Results 1 to 9 of 9
  1. Mhd shaher's Avatar
    • Member Info
      • Native Language:
      • Arabic
      • Home Country:
      • Syria
      • Current Location:
      • Saudi Arabia

    • Join Date: Jan 2008
    • Posts: 154
    #1

    compass of notes

    hi..
    what does (compass of notes ) mean?
    I know it is in music
    but what does (compass) mean here?

    • Member Info
      • Native Language:
      • French
      • Home Country:
      • France
      • Current Location:
      • France

    • Join Date: Jun 2009
    • Posts: 620
    #2

    Re: compass of notes

    Quote Originally Posted by Mhd shaher View Post
    hi..
    what does (compass of notes ) mean?
    I know it is in music
    but what does (compass) mean here?
    Hello, [Not a teacher and not English],

    Compass is a device which show a direction. I reckon it is not the real sense in your sentence but perhaps something that gives you a direction for doing something. It's just my mind but maybe with more context we can help you to find a way to overcome this point of vocabulary.

    See you later.

  2. emsr2d2's Avatar
    • Member Info
      • Native Language:
      • British English
      • Home Country:
      • UK
      • Current Location:
      • UK

    • Join Date: Jul 2009
    • Posts: 41,883
    #3

    Re: compass of notes

    Quote Originally Posted by Mhd shaher View Post
    hi..
    what does (compass of notes ) mean?
    I know it is in music
    but what does (compass) mean here?
    Can you give us the full sentence in which you found this phrase, and the context? Without it, it's hard to know what was meant.

  3. Mhd shaher's Avatar
    • Member Info
      • Native Language:
      • Arabic
      • Home Country:
      • Syria
      • Current Location:
      • Saudi Arabia

    • Join Date: Jan 2008
    • Posts: 154
    #4

    Re: compass of notes

    From harmony, from heavenly harmony
    This universal frame began:
    From harmony to harmony
    Through all the compass of the notes it ran,
    The diapason closing full in man


    this is some lines from (a song for ST. Cecilia's day) by John Dryden

  4. BobK's Avatar
    • Member Info
      • Native Language:
      • English
      • Home Country:
      • UK
      • Current Location:
      • UK

    • Join Date: Jul 2006
    • Posts: 16,038
    #5

    Re: compass of notes

    We do need more context, but what limited context we've got ('music') makes it clear that it's nothing to do with direction finding (or, for that matter, drawing circles ). It's probably something to do with range or spread or extent of [musical] notes.

    b

    PS Students of flamenco music can probably ignore the word compás as well, unless it's a mistranslation....

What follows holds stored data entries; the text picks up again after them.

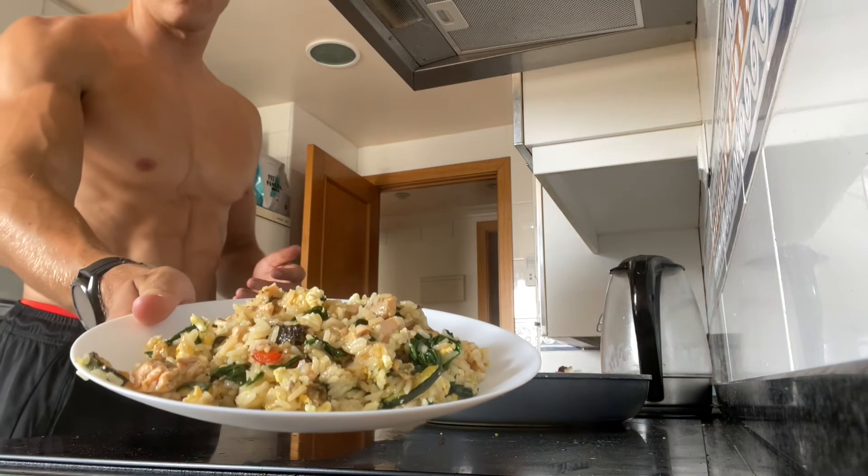Guys, lunch is served. Today we've got some rice with salmon and then a load of veggies - zucchini, pepper, mushroom, and spinach, and then also an egg scrambled in there. That is lunch, looks absolutely delicious.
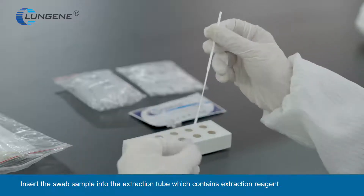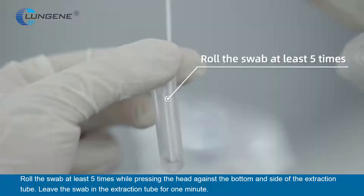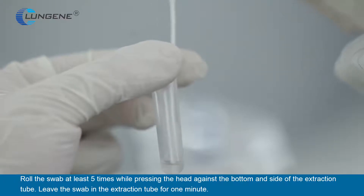Insert the swab sample into the extraction tube which contains the extraction reagent. Roll the swab at least five times while pressing the head against the bottom or side of the extraction tube.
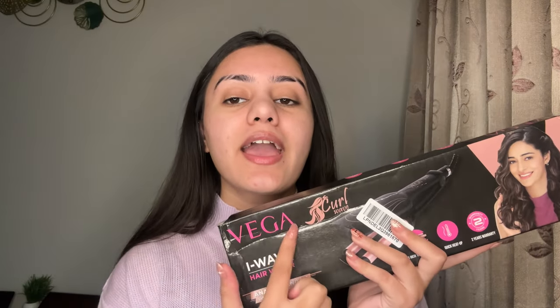This is basically Vega's Eye Wave hair waver from Ananya Pandey's collection. It is available on Vega's official website, Amazon, Nykaa, and many other places. On Nykaa the price is around 1900-2000 rupees, but on Amazon I purchased it for 1085 rupees — literally 1000 rupees less. One thing to note: it was not returnable on Amazon, but I was fortunate enough that I received it in good condition.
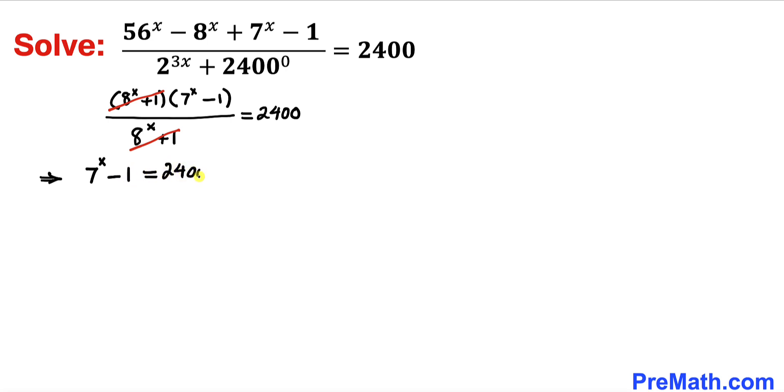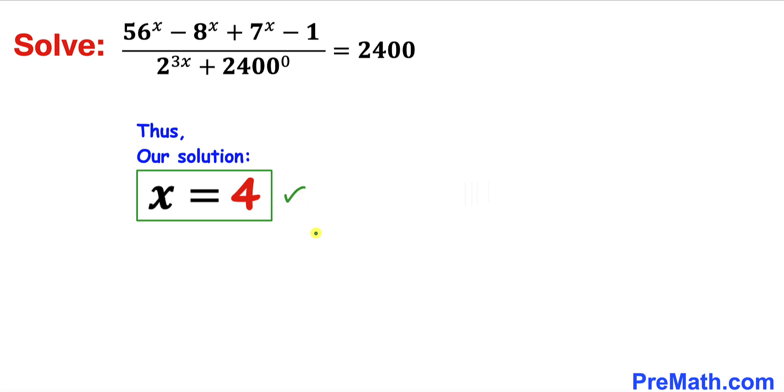Now let's add 1 on both sides, giving us 7 power x equals 2401. Now 2401 is the same as 7 power 4, so we get 7 power x equals 7 power 4. Since the bases on both sides are the same, which is 7, we can equate the exponents, so x equals 4. Thanks for watching and please don't forget to subscribe to my channel for more exciting videos.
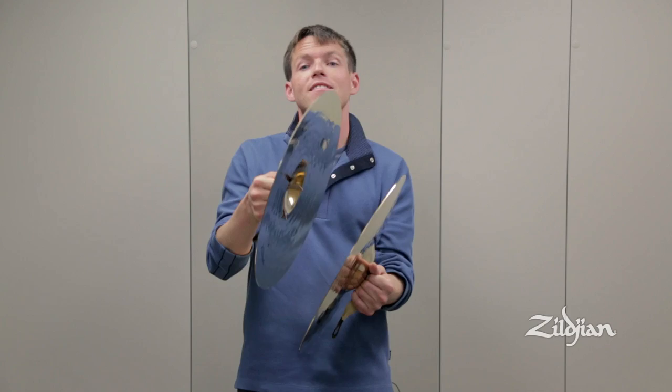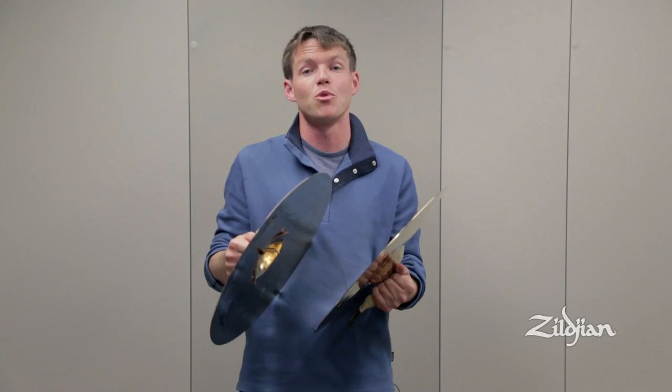You can see I'm not trying to force the cymbals together to get the sound out, nor am I letting the cymbals dangle on top of one another and create a fuzzier sound. I'm basically trying to let the cymbals do what they're going to do on their own and put as much energy into putting them together as I'm going to put into pulling them apart. So we have a basic, fundamental — as I like to call it — benchmark crash to work with.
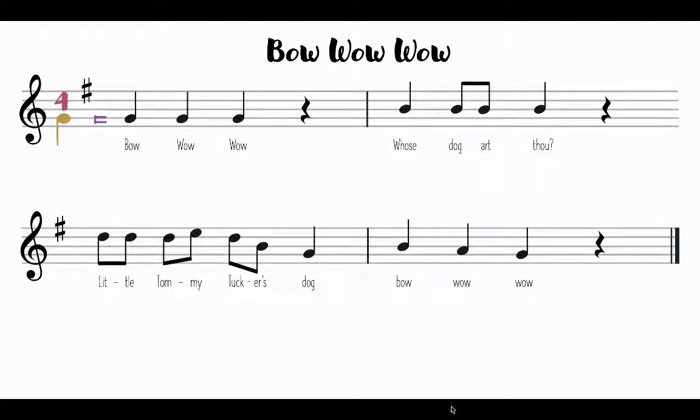Hello students! Let's talk about the melody for Bow Wow Wow. Now that we've learned it and we've kind of sang through it, let's kind of break down the melody. So here I have our melody. Remember, a melody is when we take our pitches or notes and our rhythm and we put them together to create the part of the song that we recognize.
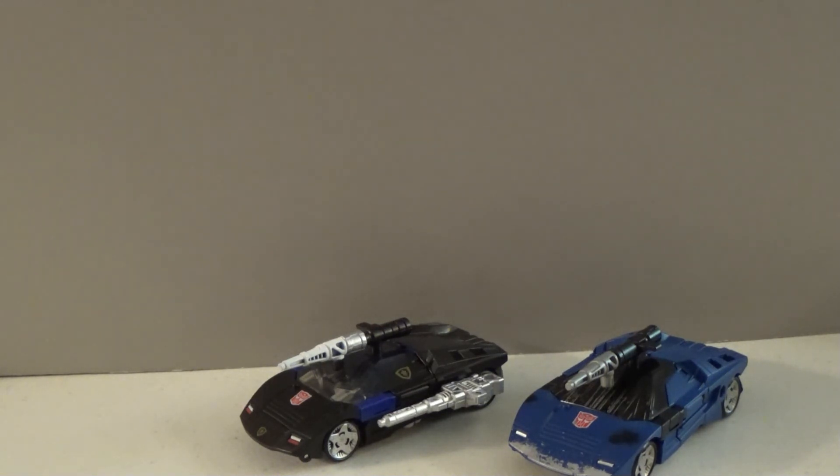At any rate, that's my look at the Generation Select version of Deep Cover. I hope you all enjoyed it. Please remember that if you like the content on this channel, we ask that you like, share, comment, and subscribe. And before I forget, next weekend I will be at MatsuriCon in Columbus, Ohio, speaking at a couple of panels.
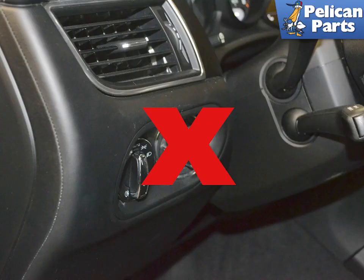When working around the door window motor, make sure it cannot be operated while working. Place the remote key far enough away from the car so that the car cannot be powered.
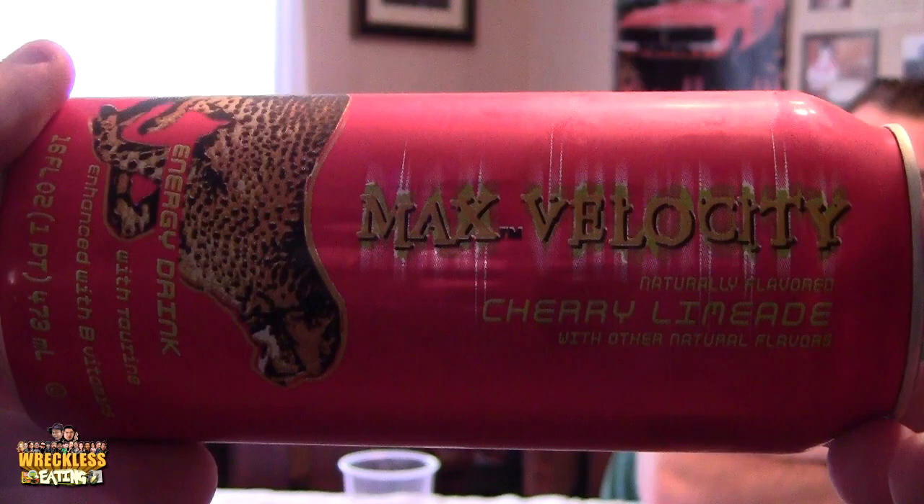Alright, what do you got there, Chuck? I got Max Velocity Cherry Limeade. So we've done regular Max Velocity before — I don't believe we've done Cherry Limeade. If we have, we'll do it again, because if something gets sent to us, we'll do it.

    PPS Oh, Dryden - 'range' then. He's talking about an organ. See more here: http://en.wikipedia.org/wiki/Diapaso...gan)#Diapasons

  5. Mhd shaher's Avatar
    • Member Info
      • Native Language:
      • Arabic
      • Home Country:
      • Syria
      • Current Location:
      • Saudi Arabia

    • Join Date: Jan 2008
    • Posts: 154
    #6

    Re: compass of notes

    from harmony, from heavenly harmony,
    This universal frame began:
    When nature underneath a heap
    Of jarring atoms lay,
    And could not heave her head,
    The tuneful voice was heard from high,
    "Arise, ye more than dead."
    Then cold, and hot, and moist, and dry,
    In order to their stations leap,
    And Music's power obye.
    From harmony, from heavenly harmony,
    This universal frame began;
    From harmony to harmony
    Through all the compass of the notes it ran,
    The diapason closing full in man.

    II.

    What passion cannot music raise and quell?
    When Jubal struck the chorded shell,
    His listening brethren stood around,
    And, wondering, on their faces fell
    To worship that celestial sound:
    Less than a God they thought there could not dwell
    Within the hollow of that shell,
    That spoke so sweetly, and so well.
    What passion cannot Music raise and quell?

    III.

    The trumpet's loud clangor
    Excites us to arms
    With shrill notes of anger
    And mortal alarms.
    The double, double, double beat
    Of the thundering drum
    Cries, hark! the foes come:
    Charge, charge! 'tis too late to retreat.

    IV.

    The soft complaining flute,
    In dying notes discovers
    The woes of hopeless lovers;
    Whose dirge is whisper'd by the warbling lute.

    V.

    Sharp violins proclaim
    Their jealous pangs and desperation,
    Fury, frantic indignation,
    Depth of pains, and height of passion,
    For the fair, disdainful dame.

    VI.

    But oh! what art can teach,
    What human voice can reach,
    The sacred organ's praise?
    Notes inspiring holy love,
    Notes that wing their heavenly ways
    To mend the choirs above.

    VII.

    Orpheus could lead the savage race;
    And trees uprooted left their place,
    Sequacious of the lyre:
    But bright Cecilia raised the wonder higher;
    When to her organ vocal breath was given,
    An angel heard, and straight appeared,
    Mistaking earth for heaven.

    Grand Chorus

    As from the power of sacred lays
    The spheres began to move,
    And sung the great Creator's praise
    To all the bless'd above;
    So when the last and dreadful hour
    This crumbling pageant shall devour,
    The trumpet shall be heard on high,
    The dead shall live, the living die,
    And Music shall untune the sky.

  6. emsr2d2's Avatar
    • Member Info
      • Native Language:
      • British English
      • Home Country:
      • UK
      • Current Location:
      • UK

    • Join Date: Jul 2009
    • Posts: 41,883
    #7

    Re: compass of notes

    Quote Originally Posted by BobK View Post
    We do need more context, but what limited context we've got ('music') makes it clear that it's nothing to do with direction finding (or, for that matter, drawing circles ). It's probably something to do with range or spread or extent of [musical] notes.

    b

    PS Students of flamenco music can probably ignore the word compás as well, unless it's a mistranslation....
    Absolutely! Now that we have the context, I entirely agree that it means "the full range" of musical notes.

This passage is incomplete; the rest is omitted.